Second year rhubarb can be harvested for two weeks, with the harvest extended for 8 to 10 weeks in subsequent years.
To harvest rhubarb, pull the stalks from the plant, rather than cutting. A slight pull and a twist at the base of the stalk should release it quite easily. Trim off the leaves, which are poisonous and should never be eaten.
Remove only one-third of the stalks at any one time to keep the plant vigorous and healthy.
If seed stalks develop, cut them from the plant as soon as they appear and discard.

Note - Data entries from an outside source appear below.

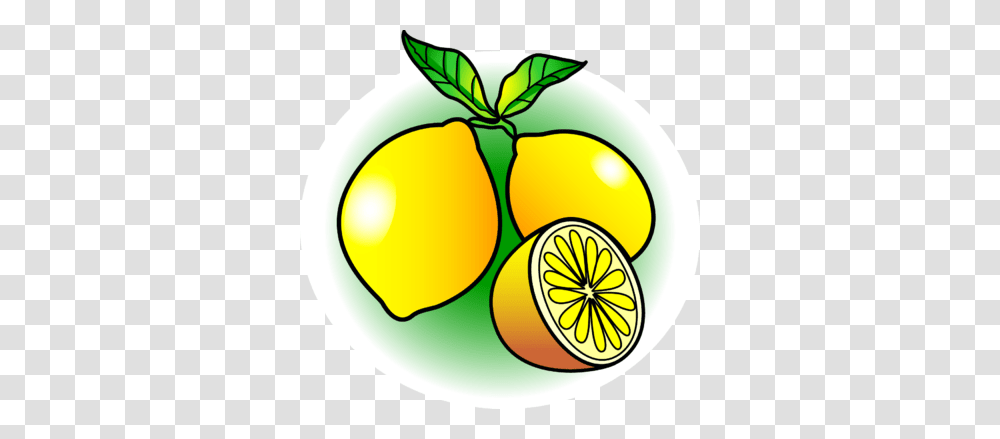 Lemon Clip Art, Plant, Citrus Fruit, Food, Orange Transparent Png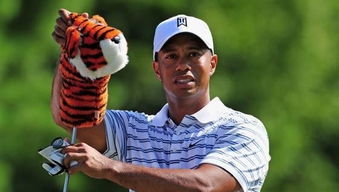 高尔夫巨星老虎伍兹突发被捕,世界顶级运动员涉事引关注 高尔夫巨星老虎伍兹突发被捕,世界顶级运动员涉事引关注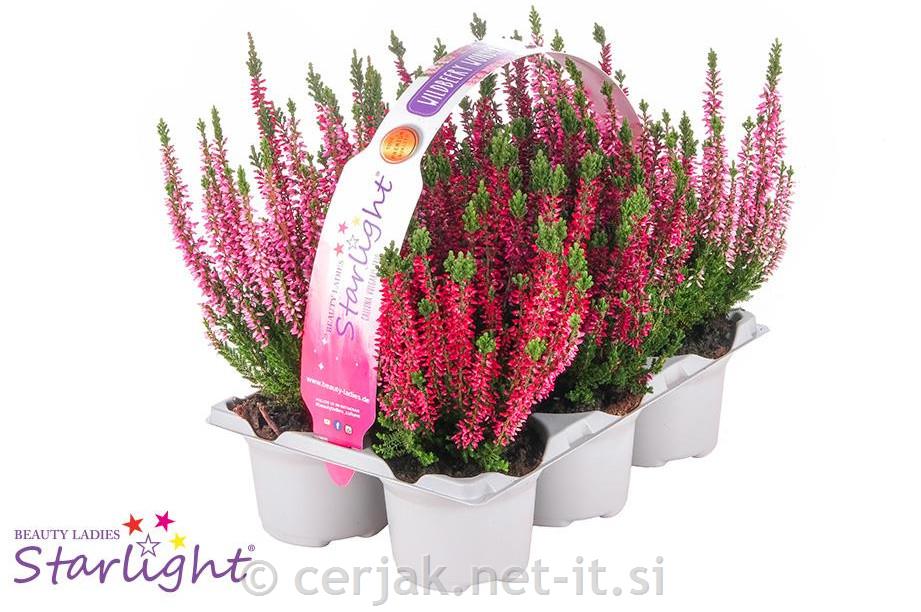 Calluna Beauty Ladies Milca 9 6-pack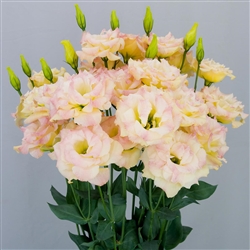 Lisianthus Megalo 2 Navel Pellets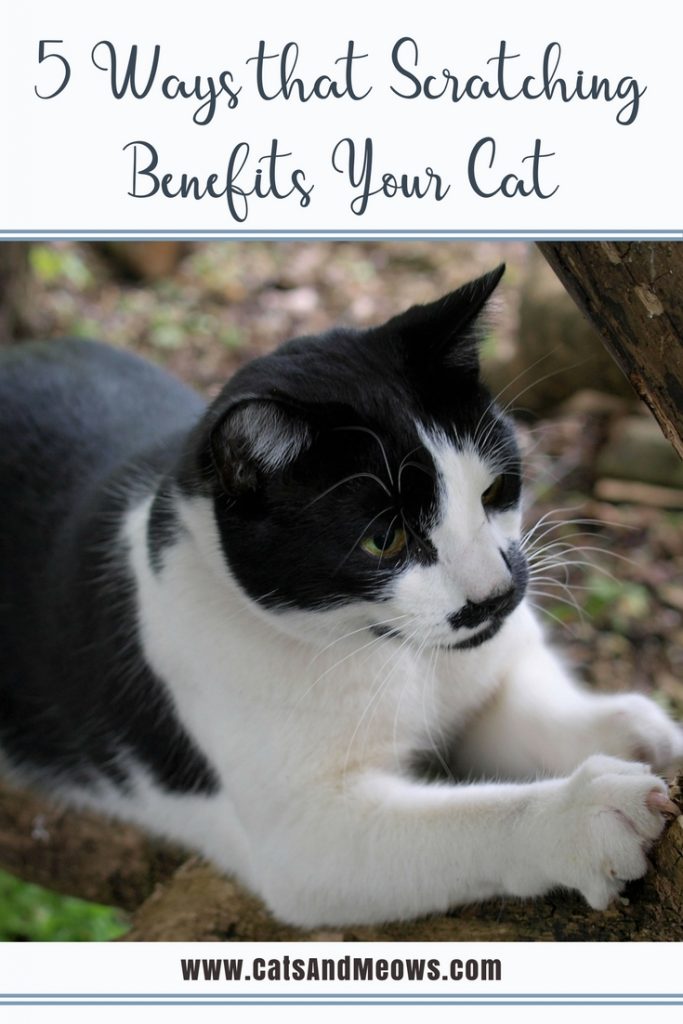 5 Ways that Scratching Benefits your Cat Cats and Meows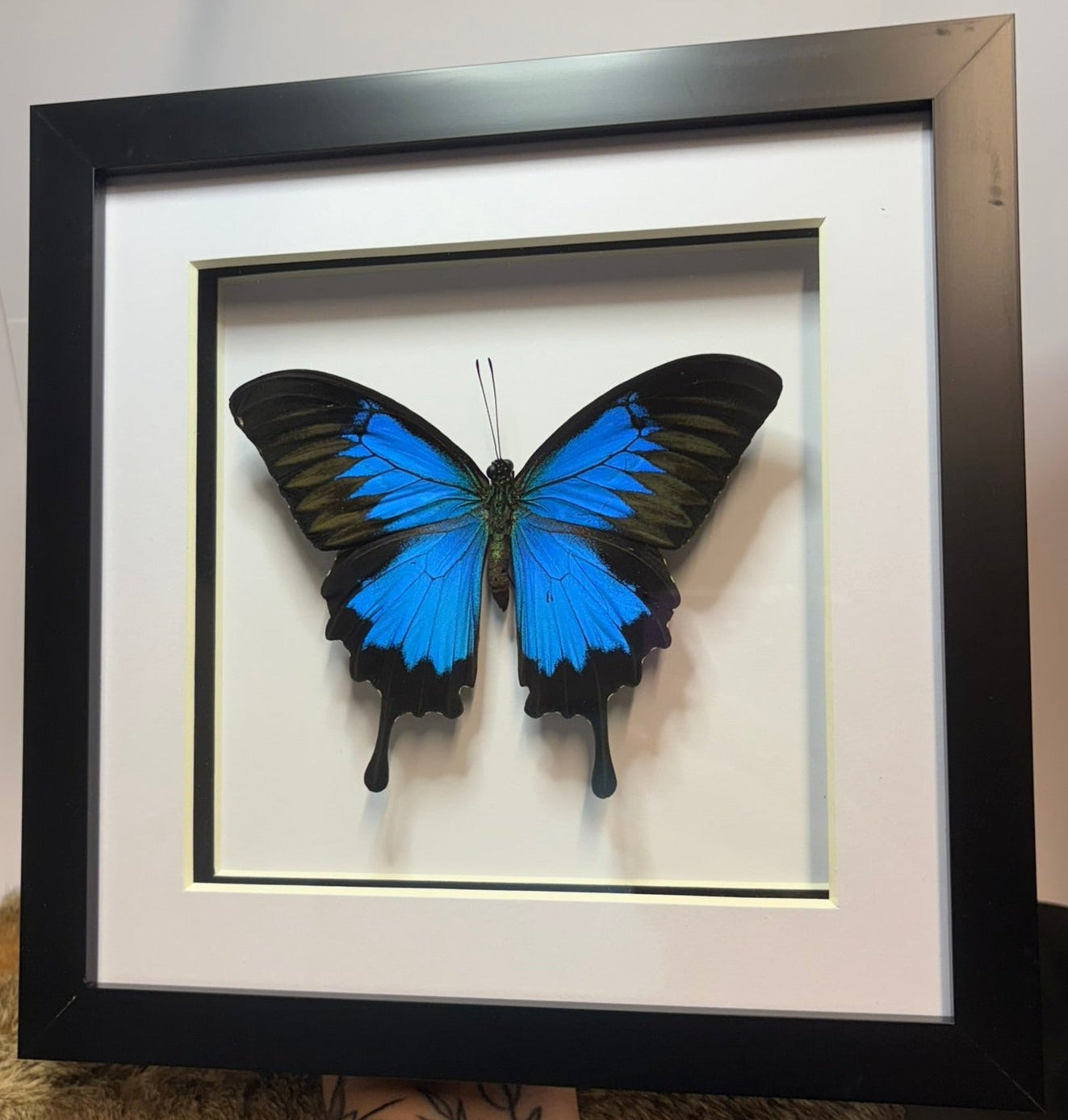 Swallowtail Butterfly Pinning Workshop - Virginia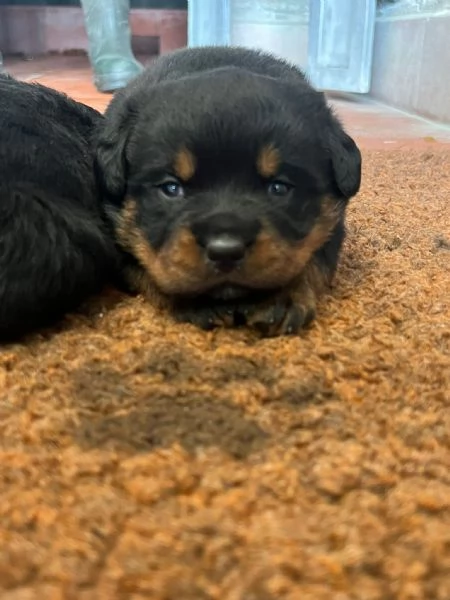 Cuccioli Rottweiler 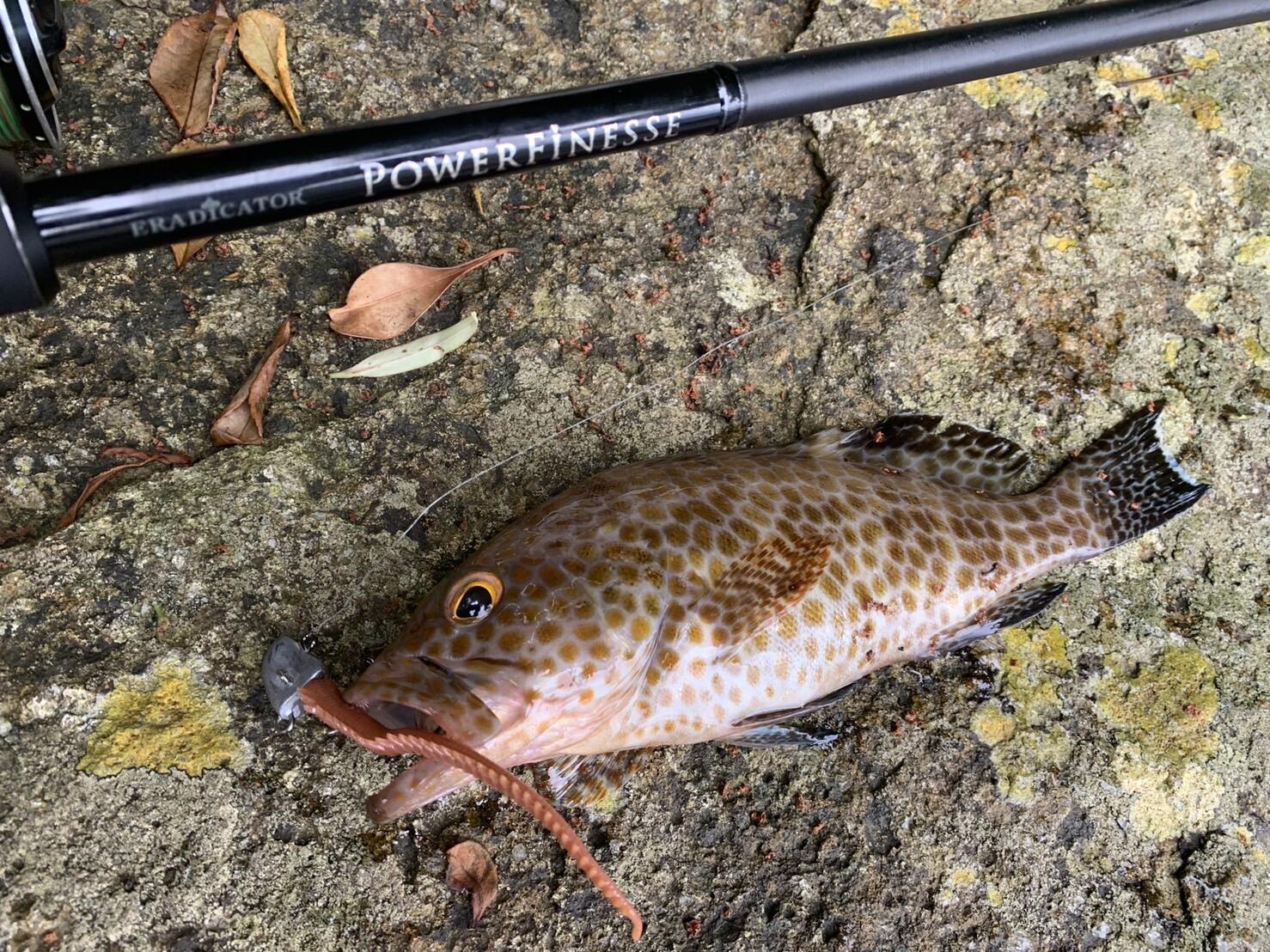 Eradicator Powerfinesse (エラディケーター パワーフィネス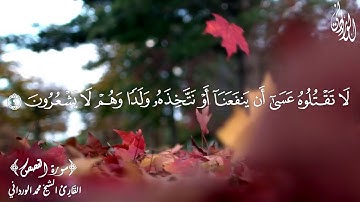 وأوحينا الى أم موسى أن أرضعيه | القصص | القارئ محمد الورداني | Mohamad Elwardani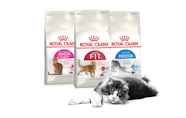 Feline Health Nutrition Dbr yakutia ru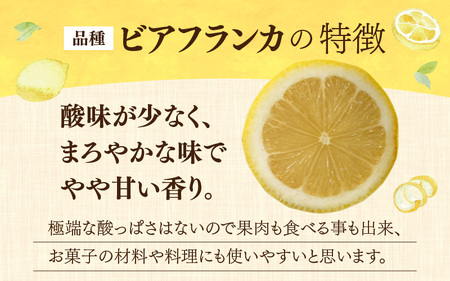 【先行予約】日本海で育ったうちうらレモン「ビアフランカ2.5kg」皮まで丸ごと食べられます！【2027年1月初旬ごろ順次発送】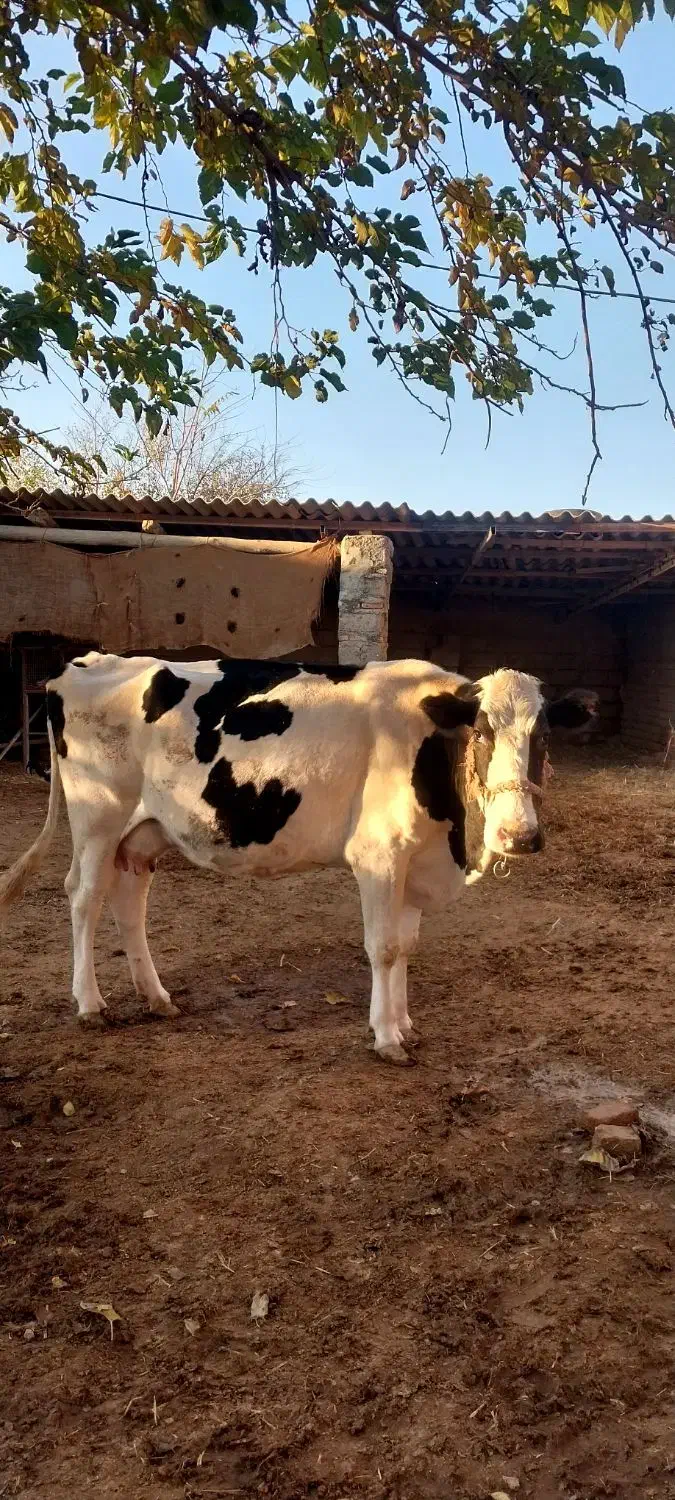 گاو شیری هلشتاین|حیوانات مزرعه|انبارآلوم, |دیوار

Yield and quality are at the highest when you harvest stalks that have just reached full size but before stringy fibers have a chance to develop. As a general rule, flavor is enhanced in stalks with deep red color.
Storage and Cooking Rhubarb
Trim and discard the rhubarb leaves. Tightly wrap the fresh, unwashed stalks in plastic and keep in the refrigerator for up to three weeks.
To freeze, wash the stalks, remove any tough outside fibers, chop into 1/2 inch to one inch chunks and spread on a cookie sheet to freeze. Once frozen, seal tightly in plastic freezer bags or freezer containers. Frozen rhubarb will keep for up to six months and can be used in place of fresh in most rhubarb recipes.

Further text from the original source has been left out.